Image-caption web data
=== Begin Enclosure ===
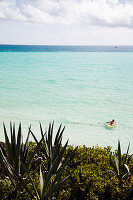 BERMUDA. Southampton Parish. A view of the water at the Munro Beach Cottages.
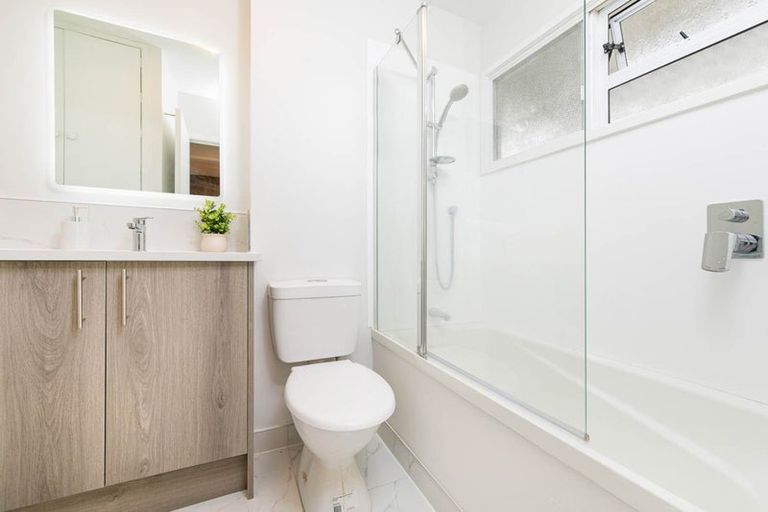 Photo of property in 3/28 Evelyn Place, Hillcrest, Auckland, 0627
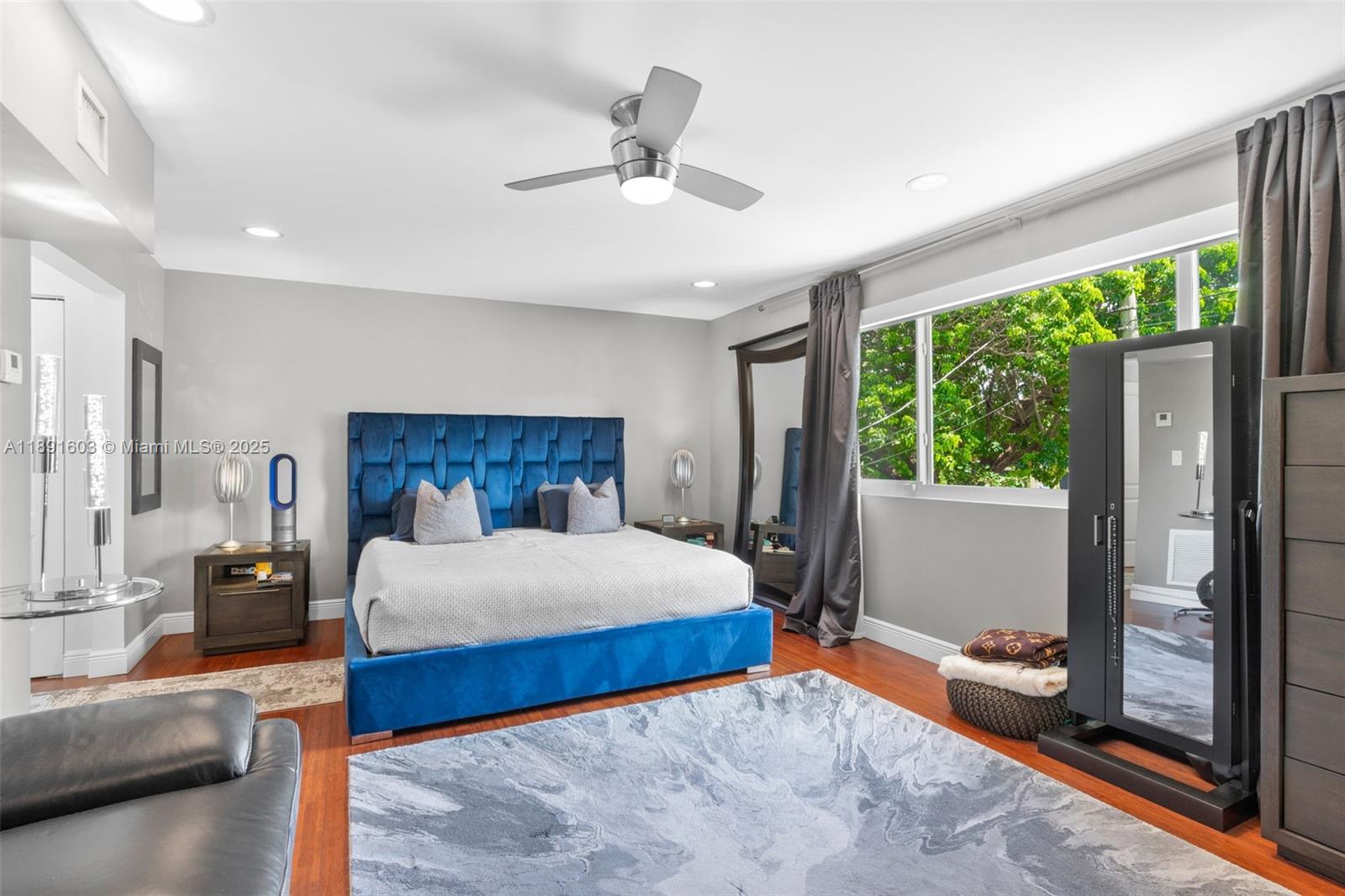 Poinsettia Heights - Residential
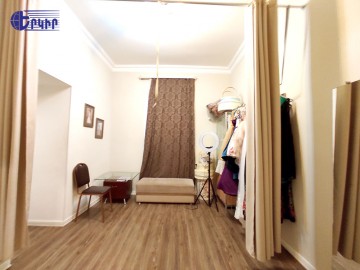 Commercial properties Code: 8+90661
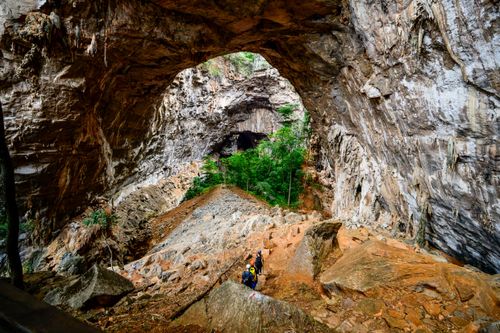 Trilha para a Gruta do Janelão - Parque Nacional Cavernas do Peruaçu - transição dos biomas caatinga e cer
=== End Enclosure ===
-- WHAT IS BEING ASKED --
Exact repetition of each line above is expected; images are to be omitted.

-- ANSWER SPACE --
 BERMUDA. Southampton Parish. A view of the water at the Munro Beach Cottages.
 Photo of property in 3/28 Evelyn Place, Hillcrest, Auckland, 0627
 Poinsettia Heights - Residential
 Commercial properties Code: 8+90661
 Trilha para a Gruta do Janelão - Parque Nacional Cavernas do Peruaçu - transição dos biomas caatinga e cer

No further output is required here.